### Your goal
The expected output is a verbatim reprint of the lines from the beginning of the data that follows through the line that contains "Honda VEZEL 2024-02 218509-2".

——

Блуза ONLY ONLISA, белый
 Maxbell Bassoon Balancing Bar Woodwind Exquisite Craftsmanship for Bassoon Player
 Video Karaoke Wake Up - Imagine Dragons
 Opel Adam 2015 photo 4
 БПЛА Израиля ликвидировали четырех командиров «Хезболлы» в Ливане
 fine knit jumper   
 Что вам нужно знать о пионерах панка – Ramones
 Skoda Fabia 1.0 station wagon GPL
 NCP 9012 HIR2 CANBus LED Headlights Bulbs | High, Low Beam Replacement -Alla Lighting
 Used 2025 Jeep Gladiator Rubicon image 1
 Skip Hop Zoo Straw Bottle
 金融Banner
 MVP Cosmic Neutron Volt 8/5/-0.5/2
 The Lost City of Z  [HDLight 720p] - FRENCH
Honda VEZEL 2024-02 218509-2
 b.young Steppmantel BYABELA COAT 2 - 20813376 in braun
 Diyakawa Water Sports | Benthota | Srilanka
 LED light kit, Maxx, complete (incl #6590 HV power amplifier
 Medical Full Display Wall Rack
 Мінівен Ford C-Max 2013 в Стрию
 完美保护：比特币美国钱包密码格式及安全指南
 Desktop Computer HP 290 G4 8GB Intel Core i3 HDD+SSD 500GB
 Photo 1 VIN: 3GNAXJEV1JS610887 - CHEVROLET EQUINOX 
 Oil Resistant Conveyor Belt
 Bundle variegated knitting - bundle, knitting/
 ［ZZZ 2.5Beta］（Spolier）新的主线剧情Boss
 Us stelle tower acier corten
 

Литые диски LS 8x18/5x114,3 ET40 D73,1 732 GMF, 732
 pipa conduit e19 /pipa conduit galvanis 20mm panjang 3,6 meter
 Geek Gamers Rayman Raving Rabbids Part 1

——

### Answer space
Блуза ONLY ONLISA, белый
 Maxbell Bassoon Balancing Bar Woodwind Exquisite Craftsmanship for Bassoon Player
 Video Karaoke Wake Up - Imagine Dragons
 Opel Adam 2015 photo 4
 БПЛА Израиля ликвидировали четырех командиров «Хезболлы» в Ливане
 fine knit jumper   
 Что вам нужно знать о пионерах панка – Ramones
 Skoda Fabia 1.0 station wagon GPL
 NCP 9012 HIR2 CANBus LED Headlights Bulbs | High, Low Beam Replacement -Alla Lighting
 Used 2025 Jeep Gladiator Rubicon image 1
 Skip Hop Zoo Straw Bottle
 金融Banner
 MVP Cosmic Neutron Volt 8/5/-0.5/2
 The Lost City of Z  [HDLight 720p] - FRENCH
Honda VEZEL 2024-02 218509-2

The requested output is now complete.